Mimado por su madre, su carácter era claramente inestable y superticioso.
De ahí que sus colecciones surgieran tras varios ataques de pánico,
lágrimas, gritos y muchos amuletos. Es más, de su casa
no salía sin portar cuatro talismanes: dos corazones y una estrella
colgados y un pedazo de madera en el bolsillo.
Católico, de comunión casi diaria, Dior no tuvo la fuerza
para encontrar en él y sus creaciones la seguridad que necesitaba
para avanzar y desde adolescente rigió su vida por los adivinos.
Ya en 1919, una bruja le vaticinó: “Sufrirás la
pobreza, pero alegrarás la vida de las mujeres. Gracias a ellas,
encontrarás el éxito”. Su adivina favorita de París,
madame Delahaye, fue quien lo animó a fundar su casa de moda.
Débil y asustadizo, todos le reconocieron ser un hombre educado
y comedido que se inclinaba incluso ante el más nuevo de sus
aprendices.
Su aspecto físico era, también, origen de muchas de sus
inseguridades. Gordo, calvo y de tez rosada, el mismo se describía
con dureza: “Tengo una figura lamentable, la de un gentleman bien
alimentado. Me pregunto si debería transformarme para no defraudar
al público”.
La incomodidad que esto le generaba hacía que siempre anduviera
agazapado tras las cortinas, eludiendo los fogonazos de las cámaras
fotográficas de antaño. En un viaje a Londres, durante
los ´50, terminó oculto y sudoroso en los baños
de un restorán tratando de evitar a la turba de paparazzis que
lo seguían.
Odiaba estar solo y por ello, estaba permanentemente rodeado de un selecto
grupo de amigos, entre los que se encontraban Jean Cocteau, Christian
Bérard, los compositores Georges Auric y Francis Poulenc y su
directora de arte Raymonde Zehnacker.
Semanas antes de cada colección, Dior caía en una profunda
depresión y se encerraba en alguna de sus casas de campo ubicadas
en Fontainebleau y la Provenza a crear. Sus sirvientes debían
circular por las residencias en zapatillas de fieltro para no producir
ruidos.
En su vida cotidiana, recurría con frecuencia a su pitonisa madame
Delahaye y a su chofer Perotino para darse fuerza y poder entrar a la
tienda de Avenue Montaigne, generalmente, después de dar varias
vueltas a la manzana.
Nunca se atrevió a reconocer su homosexualidad y muchos de sus
intentos de acercamientos a jóvenes parisinos habían terminado
en el mayor de los fracasos. De hecho, mantuvo oculto sus sentimientos
por el joven aprendiz que contrató en 1953 y que después
lo sucedería tras la muerte: Yves Saint Laurent.
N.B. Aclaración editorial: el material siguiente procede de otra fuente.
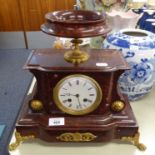 20TH CENTURY POSSIBLY FRENCH RED MARBLE AND GILT MANTLE CLOCK, HAVING WHITE DIAL WITH BLACK ROMAN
Sólo en 1956 su amor fue correspondido por un guapo norteafricano
llamado Jacques Benita. Como quería ser agradable para él,
insistió en hacerse una cura de adelgazamiento que lo llevó
a Montecantini, Italia, desoyendo las visiones negativas de su adivina.
El
23 de octubre de 1957, a diez días de haber iniciado el viaje
junto a una ahijada, su chofer y su directora de arte, Christian Dior
cayó desplomado de un paro. Tenía 52 años y durante
una década había regido los destinos de la moda.